Все новости и мероприятия издательства

Подписывайтесь на рассылки Ad Marginem и А+А!

В рассылке Ad Marginem рассказываем о новинках и акциях, дарим промокоды и делимся материалами:

Чтобы получать специальную рассылку от издательского проекта А+А,
заполните форму по ссылке

Спасибо за подписку!
14 Февраля / 2023

Стас Наранович о «Влюбленном Сократе»

alt

Можно ли заинтересовать десятилетнего философией и с какого возраста можно подпускать человека к диалектике? Открываем предзаказ на «Фрагменты речи влюбленного» Ролана Барта и вспоминаем текст философа и журналиста Стаса Нарановича о книге «Влюбленный Сократ».

«Пир» — один из самых знаменитых диалогов Платона, стоящий у истоков интеллектуальной истории западной цивилизации. Именно с него у многих начинается знакомство с Платоном и центральной фигурой диалога, его учителем Сократом. Само устройство «Пира» таково, что его принимаешься читать как художественное произведение, а не философский трактат, хотя последним он является в не меньшей степени. Как писал один из основателей истории античной философии Теодор Гомперц, «Платон в своем „Пире“ дал чудный образец мимической поэзии и философской глубины». «Влюбленный Сократ» пытается передать и то, и другое, являясь практически подстрочным пересказом «Пира» для детей.

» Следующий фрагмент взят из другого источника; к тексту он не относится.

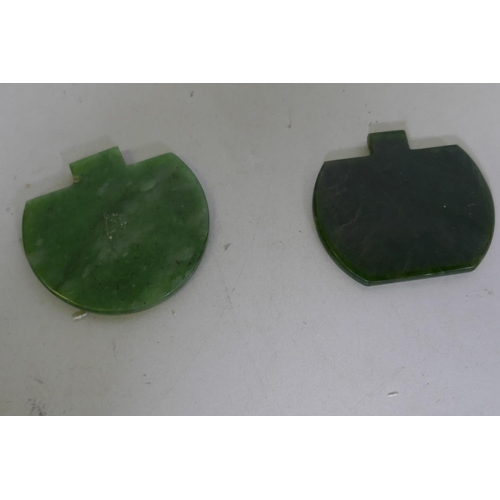 256 - Two jade pendants carved with Islamic calligraphy, 6cm wide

Как и к любому другому диалогу Платона, к «Пиру» можно подступиться десятками различных исследовательских траекторий. Из них выделяются два основных и довольно разных (но не противоречащих друг другу) способа анализа; оба уходят корнями в разные части диалога.

В первом и наиболее очевидном случае предполагается, что «Пир» (как и «Федон»), прочитанный как свидетельство развития Платоном своей собственной философии, — это в первую очередь пролегомены к теории идей, то есть к признанию существования такой непротиворечивой познаваемой реальности, которая лежит в основании чувственных восприятий. Для аргументации в пользу существования идей Платон использует знаменитую иерархию красоты, доступно изложенную и в самом диалоге, а тем более во «Влюбленном Сократе»:

«Сократ, — сказала мне однажды Диотима, — любовь — это движение вперед, лестница с идущими вверх ступеньками, переход от плотской любви к высшему принципу. Она вдыхает жизнь в тело, наделяет его грацией, очарованием и красотой. Эрот действует постепенно: он любит тело, прекрасное тело. Затем возникает любовь к двум прекрасным телам, которая перетекает в любовь ко всем прекрасным телам. На последнем этапе Эрот от любви к красоте тела возвышается до любви к красоте души, к законности, наукам и речам и наконец достигает наивысшей цели — любви к идее Прекрасного. (…) Идея Прекрасного неизменна, она присутствует во всех красивых вещах, но неравнозначна вещам. Ее различает лишь око разума».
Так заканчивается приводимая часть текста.